Il primo ottobre del 2010 Aldo Busi era ospite di Otto e mezzo su La7. Lilli Gruber gli chiese un parere sull'affaire Lario-Berlusconi, un legame durato quasi trent'anni, da cui sono nati tre figli e che si era interrotto a causa dei comportamenti di Berlusconi. Lo scrittore rispose che gli sembrava strano che una donna istruita avesse inviato "una lettera per una storia di possibili corna o tradimenti o minorenni, eccetera, e non avesse mai detto nulla sul fatto che a casa di Berlusconi c'era un tale Mangano, lo stalliere pluriomicida e mafioso".

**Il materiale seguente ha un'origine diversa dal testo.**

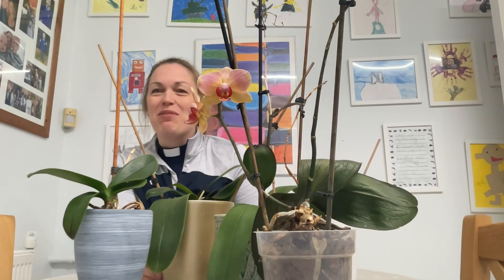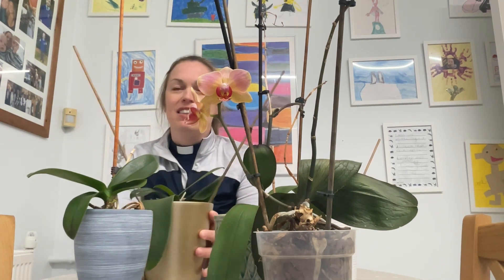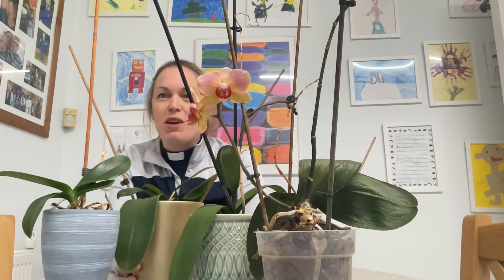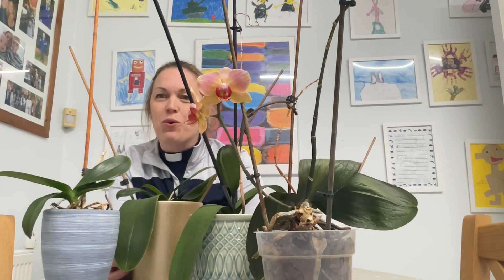Welcome back to the vicarage. As a vicar I am blessed with lots of presents, and as you can see I end up receiving quite a number of orchids. Since this week is focused on the kitchen, and the orchids sit on the kitchen windowsill, I thought I'd spend some time doing some orchid care following along with a YouTube channel. Here we go, trying to improve and repair my orchids.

L'obiezione di Busi era: ha parlato solo di cose private, mentre di altri affari assai più rilevanti per i cittadini non ha mai ritenuto di intervenire, né ora né durante i lunghi anni di matrimonio. La signora Lario si era sentita diffamata da quelle parole e aveva sporto querela. In dicembre Busi era stato assolto e in questi giorni il giudice Silvana Pansini ha depositato le motivazioni. Nelle quali compare, tra le altre cose, un breve riassunto della carriera dell'ex premier, amico di Marcello Dell'Utri e datore di lavoro dell'eroico Mangano. Si rinverdisce perfino la famosa telefonata, dopo l'attentato alla villa di via Rovani nell'86, quando Berlusconi disse a Dell'Utri che la bomba l'ha messa Mangano " con rispetto, quasi con affetto". Poi l'iscrizione alla P2, l'amicizia con Cesare Previti.

Tutte cose "gravi" che negli anni sono venute a conoscenza dell'opinione pubblica e su cui in effetti la signora Lario mai ha dato giudizi. Ma l'opinione di Aldo Busi sul comportamento della ex first lady "trova una ragione precisa", scrive il giudice, nella scelta stessa "di scrivere pubblicamente delle lettere ai quotidiani contestando al marito alcuni suoi comportamenti".

Cioè: nel momento in cui ha deciso di rendere pubblico il suo giudizio sui comportamenti del marito era chiaro che avrebbe innescato un dibattito, sia sul contenuto delle dichiarazioni che sulla scelta di rompere il riserbo.

Non vi è stata alcuna espressione diffamatoria, si legge nella sentenza del Tribunale di Monza, perché le parole di Busi non prendono di mira la persona di Veronica Lario per offenderla come moglie e come madre, bensì il suo ruolo pubblico per esprimere una critica. Nessuna aggressione, dice il giudice, e dunque "prevale l'esigenza di garantire al massimo l'esercizio di un diritto costituzionalmente garantito qual è l'espressione del pensiero critico ancorché sgradito e giudicato ingiusto nella valutazione personale della destinataria".